§ AIM OF THE EXERCISE
Can you transcribe the data exactly? Leave the pictures out.

§ Records drawn from a dataset
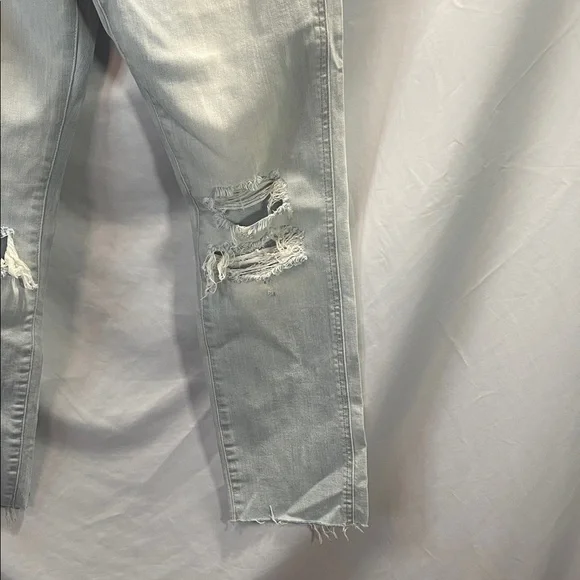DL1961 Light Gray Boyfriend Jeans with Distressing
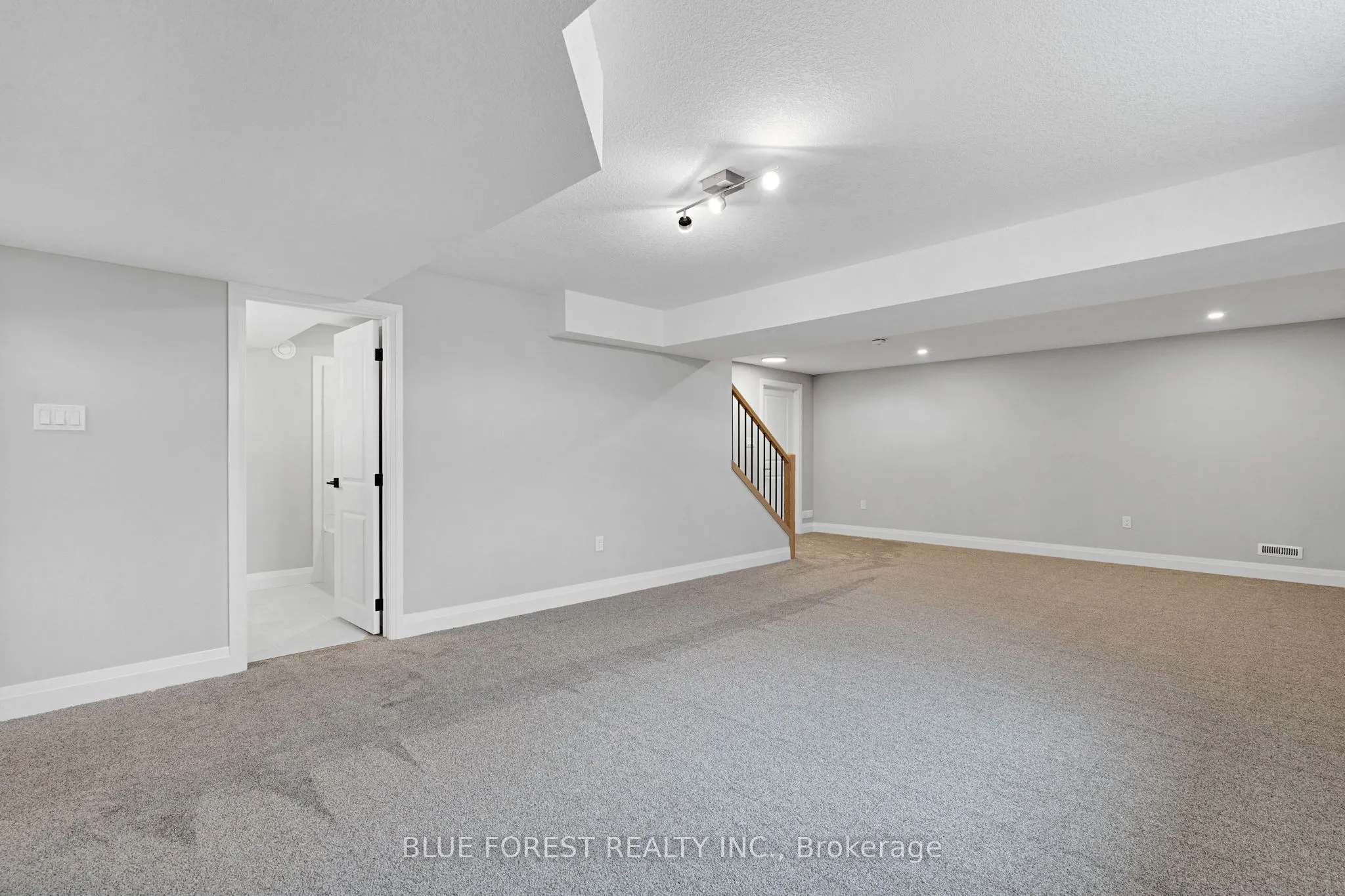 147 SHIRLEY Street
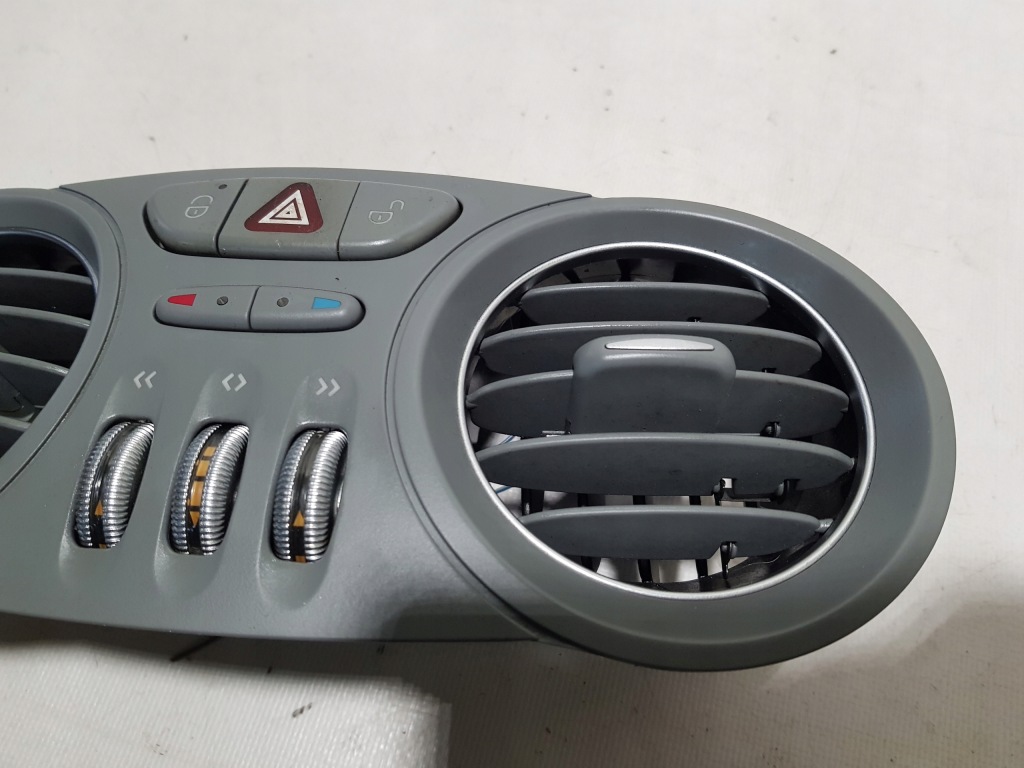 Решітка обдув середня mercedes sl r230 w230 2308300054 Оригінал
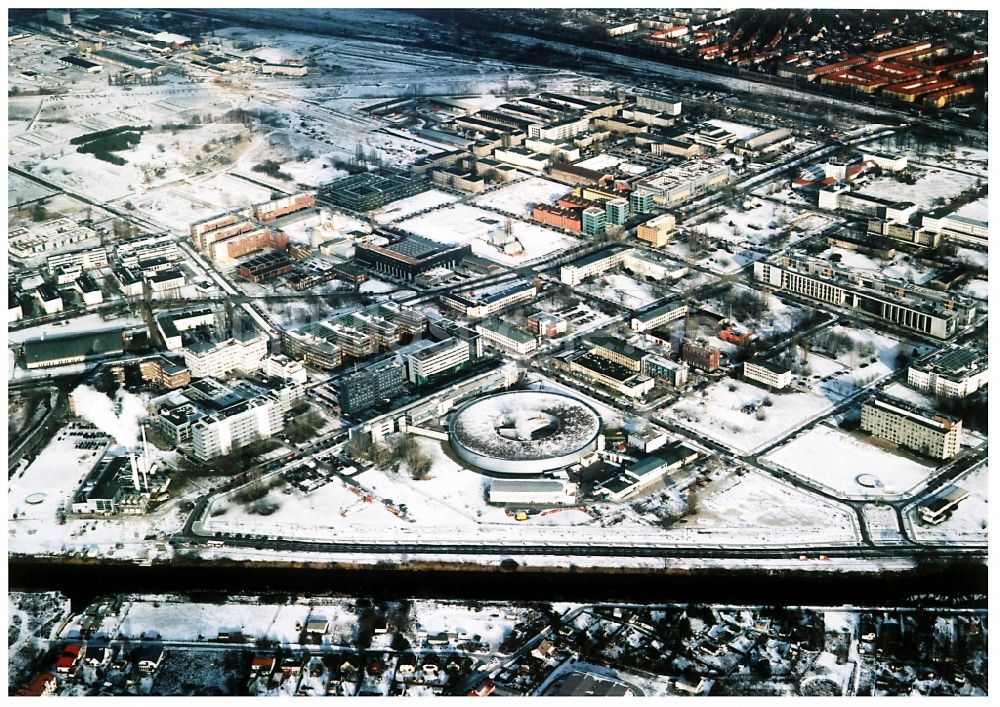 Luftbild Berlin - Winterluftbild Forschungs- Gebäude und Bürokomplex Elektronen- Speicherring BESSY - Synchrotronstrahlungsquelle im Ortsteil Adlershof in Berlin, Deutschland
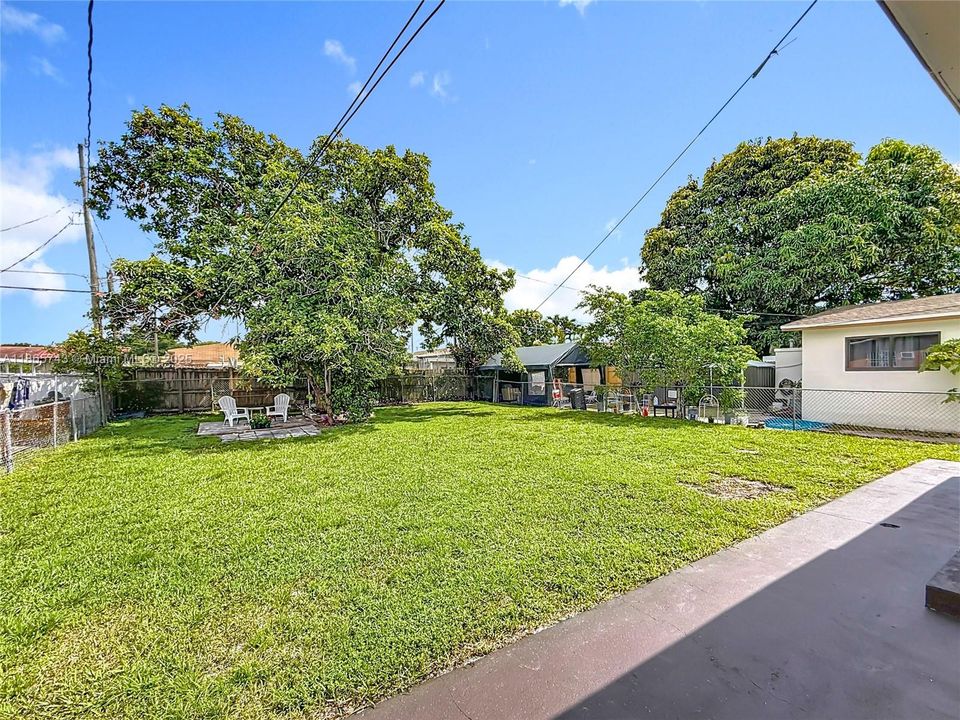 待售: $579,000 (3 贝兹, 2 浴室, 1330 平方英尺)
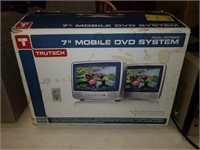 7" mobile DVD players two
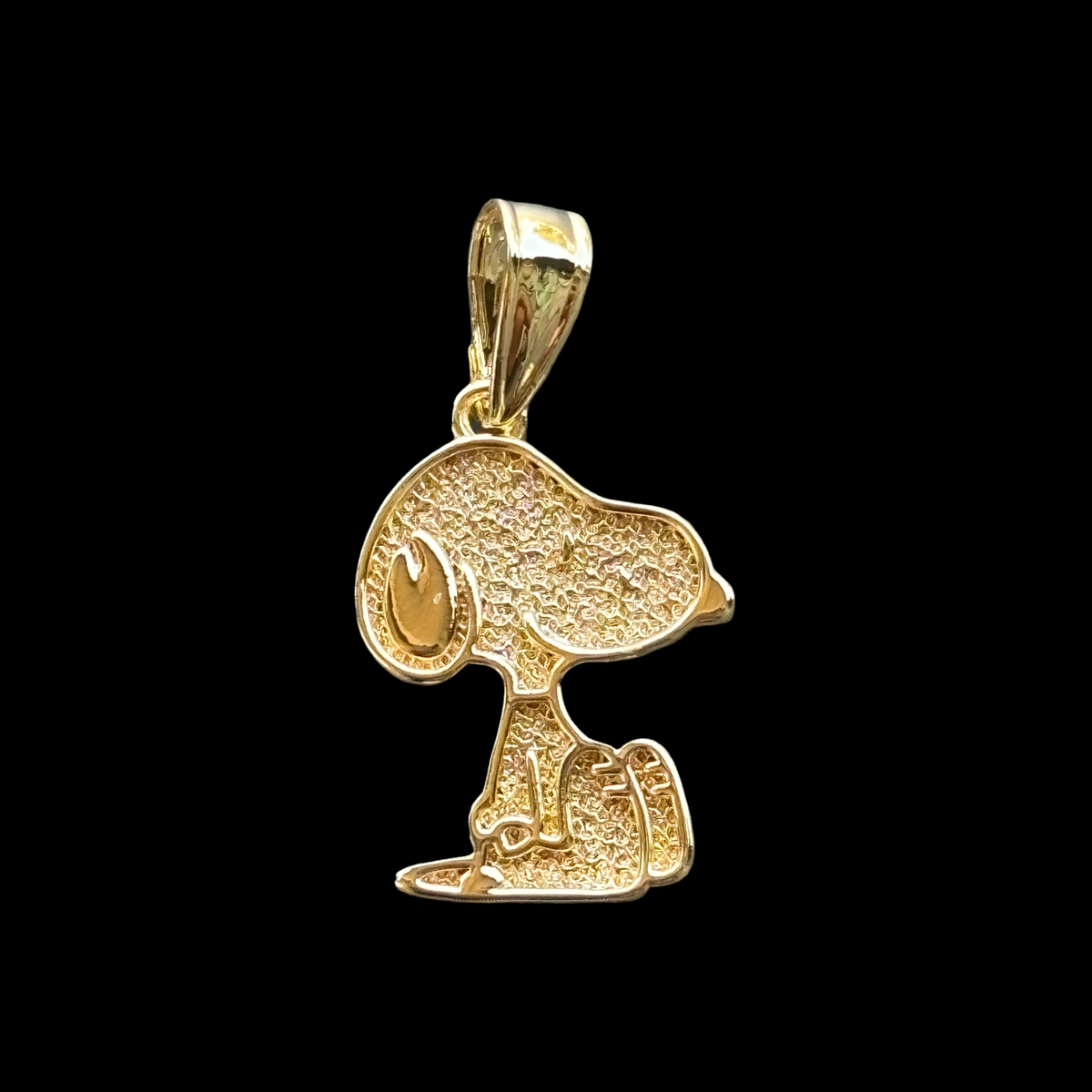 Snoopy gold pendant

§ EXERCISE OUTPUT
DL1961 Light Gray Boyfriend Jeans with Distressing
 147 SHIRLEY Street
 Решітка обдув середня mercedes sl r230 w230 2308300054 Оригінал
 Luftbild Berlin - Winterluftbild Forschungs- Gebäude und Bürokomplex Elektronen- Speicherring BESSY - Synchrotronstrahlungsquelle im Ortsteil Adlershof in Berlin, Deutschland
 待售: $579,000 (3 贝兹, 2 浴室, 1330 平方英尺)
 7" mobile DVD players two
 Snoopy gold pendant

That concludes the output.